Derrière le stand du Ritazza, qui vend des sandwichs et des boissons à l’aéroport de Vilnius, Neringa sourit à la mention de ce problème récurrent. « Je travaille ici depuis seulement six mois, mais oui, j’ai vu des soucis liés aux ballons. La première chose que l’on remarque, ce sont les affichages des avions qui clignotent en orange, indiquant des retards, puis parfois des annulations. En général, on nous demande de travailler plus pour continuer à fournir un service aux clients mécontents. »
Erika fait partie de ces voyageurs malheureux. Alors qu’elle revenait de Varsovie à la fin octobre, son vol « a été reporté au lendemain en milieu de journée. L’aéroport polonais a bien communiqué et nous avons eu une nuit d’hôtel, mais, évidemment, je n’ai pas pu assister à ma conférence le lendemain car j’étais toujours en transit », se remémore-t-elle. Au fil des incidents, les voyageurs les plus expérimentés se sont organisés. « Maintenant, c’est amusant, il y a un site web dédié à cela, s’exclame Neringa en plissant son nez percé d’un anneau en argent. Il nous permet de savoir quel est le niveau de risque selon la météo. »
L’algorithme des vents
Le « facteur déterminant » dépend du vent, confirme le porte-parole des Aéroports lituaniens, l’aéroport de Vilnius étant à seulement 30 kilomètres de la frontière biélorusse. Conscient de cette problématique, Vitalij, à l’origine du site No Balloons, a développé « un programme pour collecter automatiquement ces données et déterminer la probabilité que les vents soient favorables à une trajectoire poussant les ballons vers l’aéroport de Vilnius. »

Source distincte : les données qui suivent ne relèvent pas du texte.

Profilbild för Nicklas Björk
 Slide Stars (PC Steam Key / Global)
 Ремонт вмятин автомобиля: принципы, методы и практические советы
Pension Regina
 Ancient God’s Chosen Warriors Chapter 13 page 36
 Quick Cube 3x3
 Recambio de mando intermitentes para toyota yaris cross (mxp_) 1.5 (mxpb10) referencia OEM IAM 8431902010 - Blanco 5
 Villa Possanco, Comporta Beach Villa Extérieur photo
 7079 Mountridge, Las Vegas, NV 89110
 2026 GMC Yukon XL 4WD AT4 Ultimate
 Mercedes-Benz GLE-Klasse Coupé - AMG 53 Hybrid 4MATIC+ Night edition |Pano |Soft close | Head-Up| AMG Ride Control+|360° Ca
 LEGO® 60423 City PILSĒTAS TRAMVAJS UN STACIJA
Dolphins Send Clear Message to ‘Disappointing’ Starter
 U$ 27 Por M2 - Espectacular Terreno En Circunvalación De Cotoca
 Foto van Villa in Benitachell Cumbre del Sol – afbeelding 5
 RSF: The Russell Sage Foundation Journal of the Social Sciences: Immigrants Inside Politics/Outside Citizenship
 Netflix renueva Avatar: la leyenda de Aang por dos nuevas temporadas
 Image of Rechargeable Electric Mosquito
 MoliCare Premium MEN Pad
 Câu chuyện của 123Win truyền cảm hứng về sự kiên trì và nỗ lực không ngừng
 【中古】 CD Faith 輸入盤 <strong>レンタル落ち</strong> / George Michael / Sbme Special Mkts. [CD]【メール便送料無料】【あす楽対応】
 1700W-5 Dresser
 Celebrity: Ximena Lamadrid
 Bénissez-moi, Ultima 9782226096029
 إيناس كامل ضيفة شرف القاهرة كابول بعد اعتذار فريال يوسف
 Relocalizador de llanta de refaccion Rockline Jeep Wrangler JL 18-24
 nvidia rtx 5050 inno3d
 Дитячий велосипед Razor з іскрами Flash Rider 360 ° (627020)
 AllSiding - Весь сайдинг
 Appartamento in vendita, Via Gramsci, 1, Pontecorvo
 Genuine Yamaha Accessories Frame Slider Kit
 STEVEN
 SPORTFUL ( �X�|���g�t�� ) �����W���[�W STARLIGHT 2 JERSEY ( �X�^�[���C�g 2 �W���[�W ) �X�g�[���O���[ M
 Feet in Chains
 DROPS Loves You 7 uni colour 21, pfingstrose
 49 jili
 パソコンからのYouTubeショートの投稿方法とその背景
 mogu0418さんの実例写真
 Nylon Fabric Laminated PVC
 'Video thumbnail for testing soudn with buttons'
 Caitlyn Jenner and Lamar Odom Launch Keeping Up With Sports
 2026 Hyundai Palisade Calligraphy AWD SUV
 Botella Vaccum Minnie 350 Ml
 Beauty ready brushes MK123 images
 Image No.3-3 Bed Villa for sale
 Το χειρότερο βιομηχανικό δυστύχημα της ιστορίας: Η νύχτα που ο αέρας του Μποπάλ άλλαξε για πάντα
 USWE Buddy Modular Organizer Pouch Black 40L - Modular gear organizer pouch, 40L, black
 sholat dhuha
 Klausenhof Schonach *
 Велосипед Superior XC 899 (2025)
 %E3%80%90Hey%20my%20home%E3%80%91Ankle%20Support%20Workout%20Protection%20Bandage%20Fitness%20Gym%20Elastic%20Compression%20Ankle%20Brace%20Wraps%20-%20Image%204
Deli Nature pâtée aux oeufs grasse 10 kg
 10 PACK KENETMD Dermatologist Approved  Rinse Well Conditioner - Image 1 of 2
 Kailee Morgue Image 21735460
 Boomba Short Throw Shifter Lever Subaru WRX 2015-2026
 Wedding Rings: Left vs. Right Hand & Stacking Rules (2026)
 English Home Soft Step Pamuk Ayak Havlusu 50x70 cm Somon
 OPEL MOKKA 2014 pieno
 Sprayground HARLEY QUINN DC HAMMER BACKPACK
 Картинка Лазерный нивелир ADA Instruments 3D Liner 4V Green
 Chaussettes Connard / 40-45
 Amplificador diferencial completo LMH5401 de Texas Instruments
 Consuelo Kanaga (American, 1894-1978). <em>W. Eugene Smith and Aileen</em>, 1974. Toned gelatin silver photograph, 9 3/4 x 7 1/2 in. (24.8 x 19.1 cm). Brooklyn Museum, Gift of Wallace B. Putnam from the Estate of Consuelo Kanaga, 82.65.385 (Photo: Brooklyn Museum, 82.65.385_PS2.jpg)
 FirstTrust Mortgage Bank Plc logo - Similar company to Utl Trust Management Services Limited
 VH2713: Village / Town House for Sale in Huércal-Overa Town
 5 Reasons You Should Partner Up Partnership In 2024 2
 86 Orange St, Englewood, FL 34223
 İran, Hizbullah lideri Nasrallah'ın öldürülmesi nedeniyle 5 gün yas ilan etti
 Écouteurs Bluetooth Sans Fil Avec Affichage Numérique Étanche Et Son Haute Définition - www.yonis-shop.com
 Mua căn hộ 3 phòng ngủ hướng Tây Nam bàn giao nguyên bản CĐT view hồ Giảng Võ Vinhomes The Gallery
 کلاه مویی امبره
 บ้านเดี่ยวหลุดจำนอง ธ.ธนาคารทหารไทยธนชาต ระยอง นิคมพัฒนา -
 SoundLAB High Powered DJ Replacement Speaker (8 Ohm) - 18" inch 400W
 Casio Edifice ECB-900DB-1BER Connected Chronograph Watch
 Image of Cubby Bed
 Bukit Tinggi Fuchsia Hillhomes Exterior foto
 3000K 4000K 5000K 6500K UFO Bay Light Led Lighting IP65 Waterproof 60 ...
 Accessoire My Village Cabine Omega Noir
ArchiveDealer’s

Cette formule, qu’il teste plusieurs fois, s’avère si efficace qu’elle lui permet « ainsi qu’à plusieurs de ses amis » d’éviter des vols qui finissent par être annulés à cause des ballons. Le site, lancé début décembre, a déjà enregistré plus de 200 000 visites. « Un nombre énorme, compte tenu de la population lituanienne » de moins de 3 millions d’habitants, se réjouit Vitalij.
Le « risque » d’un vol tardif
Grâce à leur site prévisionnel et à un certain bon sens, les voyageurs lituaniens se sont adaptés. Après les contrôles, ils sont introuvables dans les couloirs de l’aéroport de Vilnius lundi soir. « C’est particulièrement un risque le soir », nous explique Erika, qui se rappelle avoir hésité à échanger son vol annulé fin octobre pour un vol similaire en milieu de journée. « C’était vraiment trop cher, donc j’ai décidé de prendre le risque. Mais désormais, je privilégie vraiment les vols en milieu de journée si possible et je regarde aussi mes options à l’aéroport de Kaunas [à une centaine de kilomètres à l’est de Vilnius], c’est moins risqué. »
Le vent, plus prévisible le soir ou à l’aube, permet aux ballons de dériver plus longtemps et d’atteindre ainsi l’aéroport. De plus, dans l’obscurité, les ballons sont plus discrets, ce qui leur permet (parfois) de passer inaperçus aux autorités lituaniennes. Cependant, avec le temps, ces dernières ont renforcé leur réponse, en mettant notamment en place un équipement antidrone si performant que les contrebandiers se sont « tournés vers de nouvelles méthodes, ces ballons », explique Lina Laurinaitytė, porte-parole des gardes-frontières lituaniens. Avant un vol tardif à Vilnius, l’expression « bon voyage » pourrait être remplacée par « et que le vent vous soit favorable ».